WHAT IS REQUIRED:
Repeat, exactly as written, all of the entries, but not their pictures.
MATERIAL FOR THIS EXERCISE Start Marker
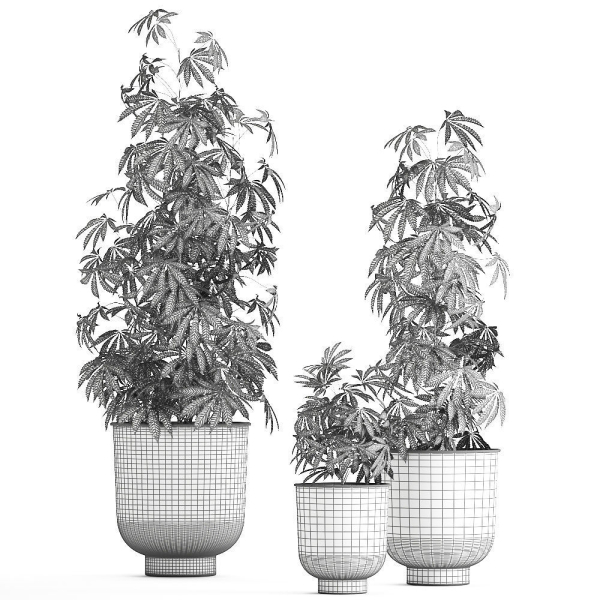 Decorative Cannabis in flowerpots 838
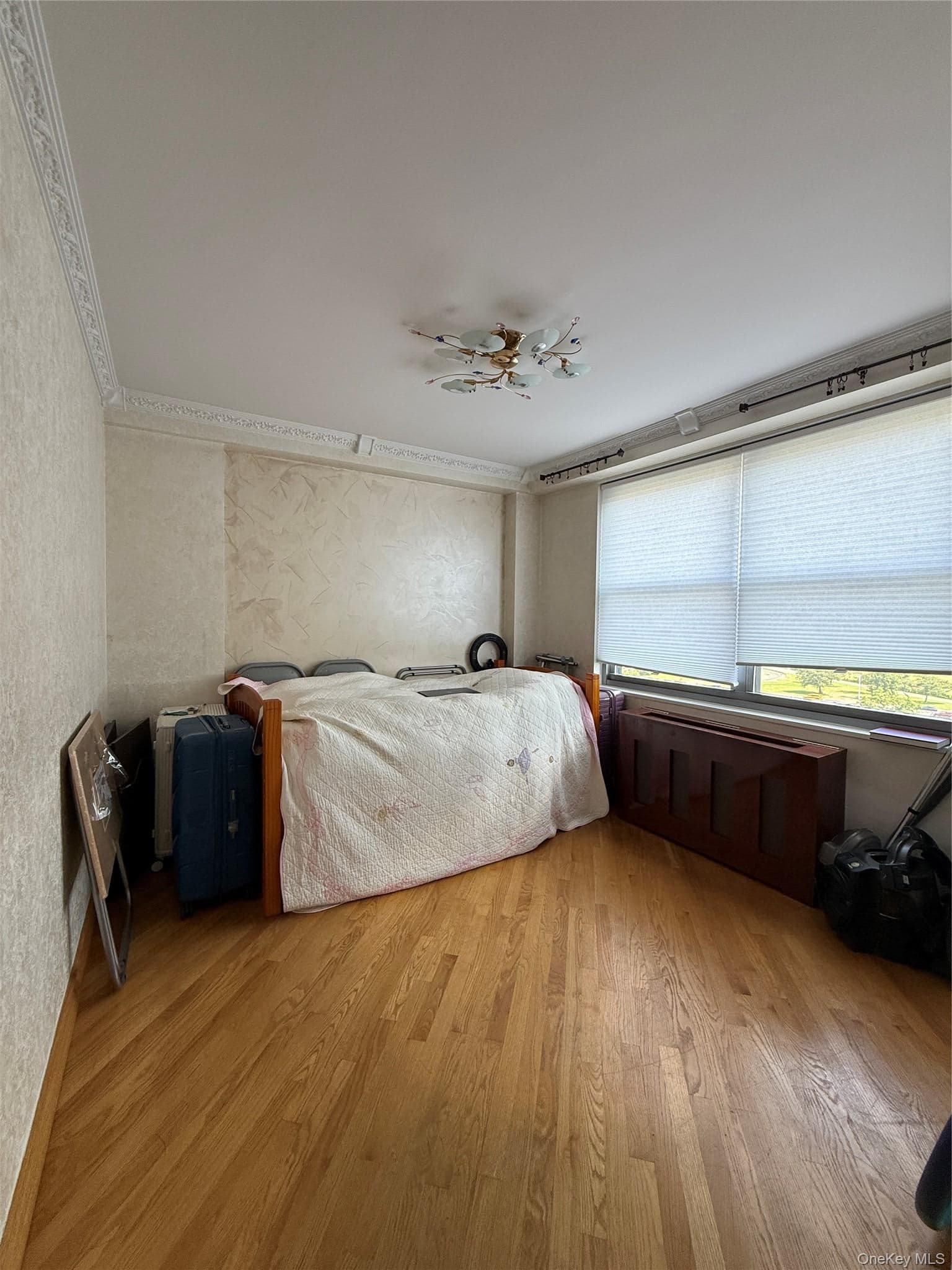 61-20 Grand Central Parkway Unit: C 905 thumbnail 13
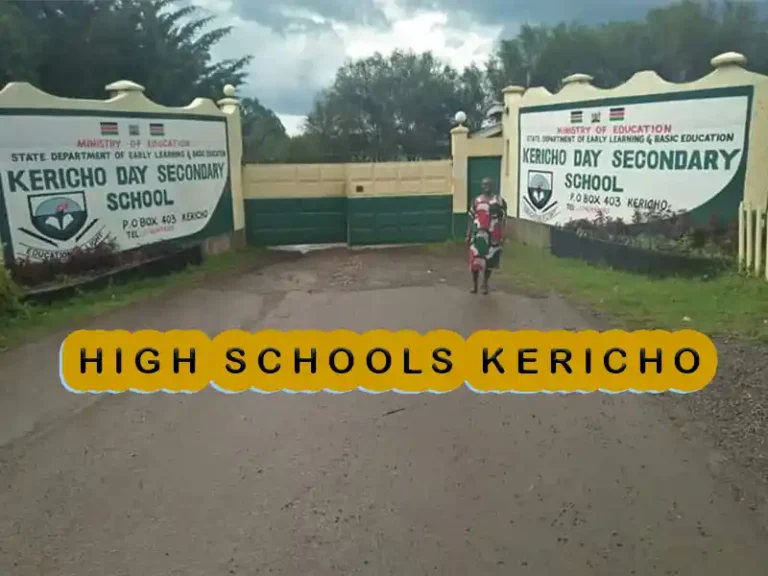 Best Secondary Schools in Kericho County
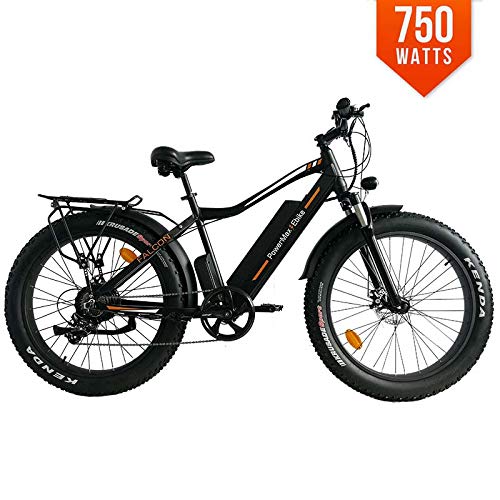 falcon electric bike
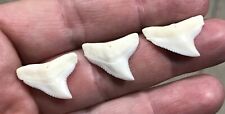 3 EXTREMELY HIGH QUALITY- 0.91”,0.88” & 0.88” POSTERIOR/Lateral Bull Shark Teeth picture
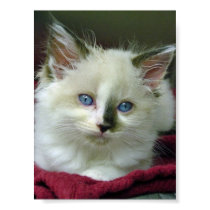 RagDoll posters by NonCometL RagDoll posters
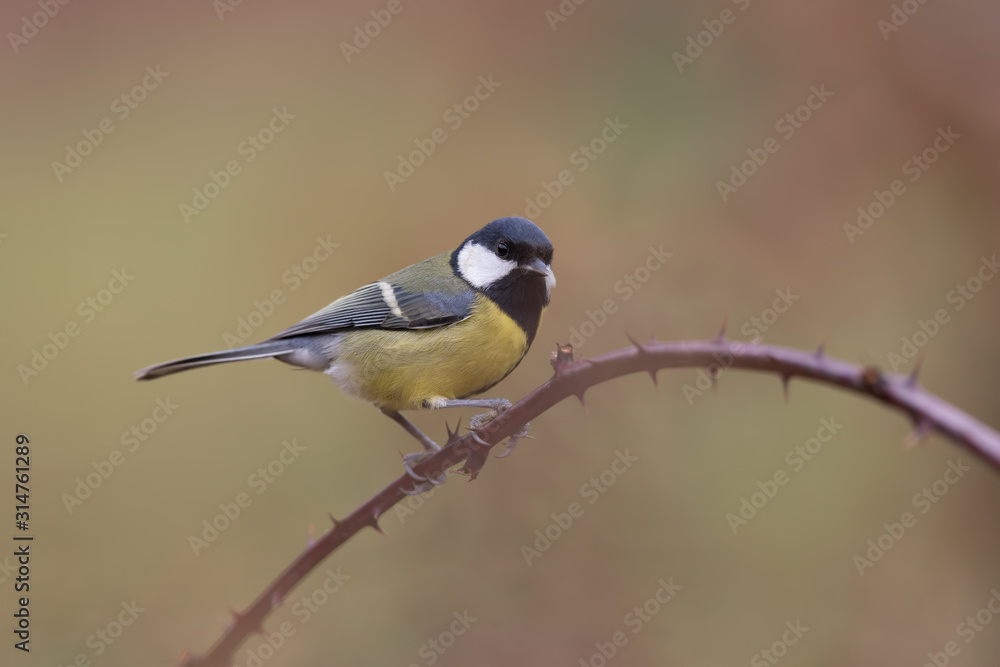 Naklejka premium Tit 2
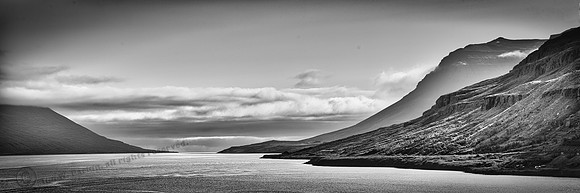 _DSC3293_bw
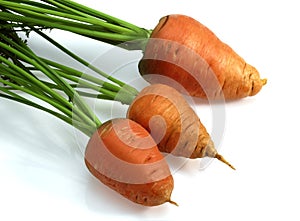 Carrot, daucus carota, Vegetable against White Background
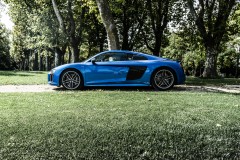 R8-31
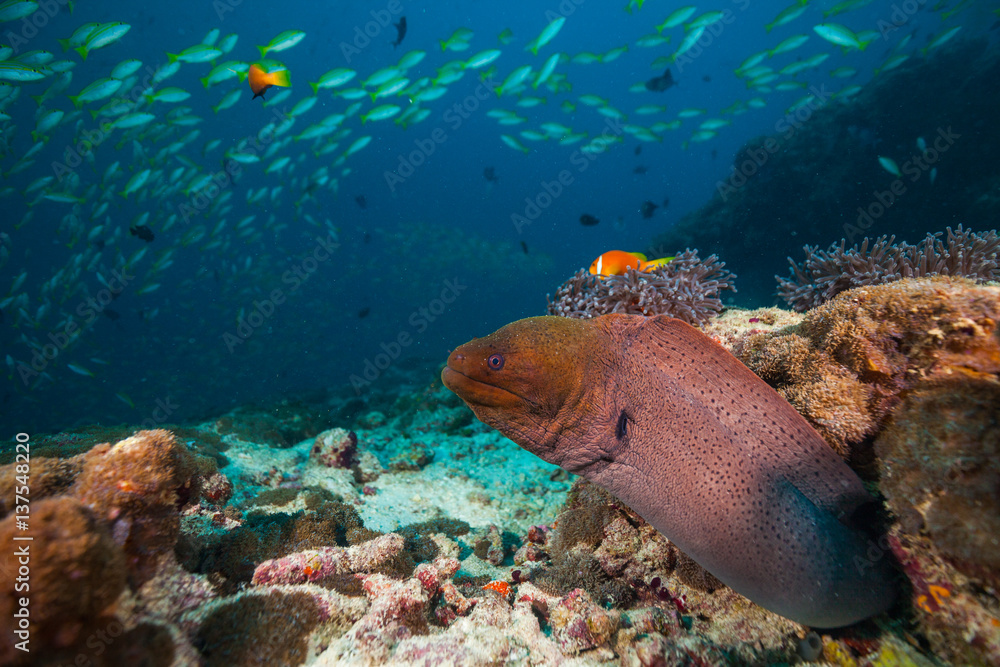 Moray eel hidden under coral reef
MATERIAL FOR THIS EXERCISE End Marker
THE ANSWER:
 Decorative Cannabis in flowerpots 838
 61-20 Grand Central Parkway Unit: C 905 thumbnail 13
 Best Secondary Schools in Kericho County
 falcon electric bike
 3 EXTREMELY HIGH QUALITY- 0.91”,0.88” & 0.88” POSTERIOR/Lateral Bull Shark Teeth picture
 RagDoll posters by NonCometL RagDoll posters
 Naklejka premium Tit 2
 _DSC3293_bw
 Carrot, daucus carota, Vegetable against White Background
 R8-31
 Moray eel hidden under coral reef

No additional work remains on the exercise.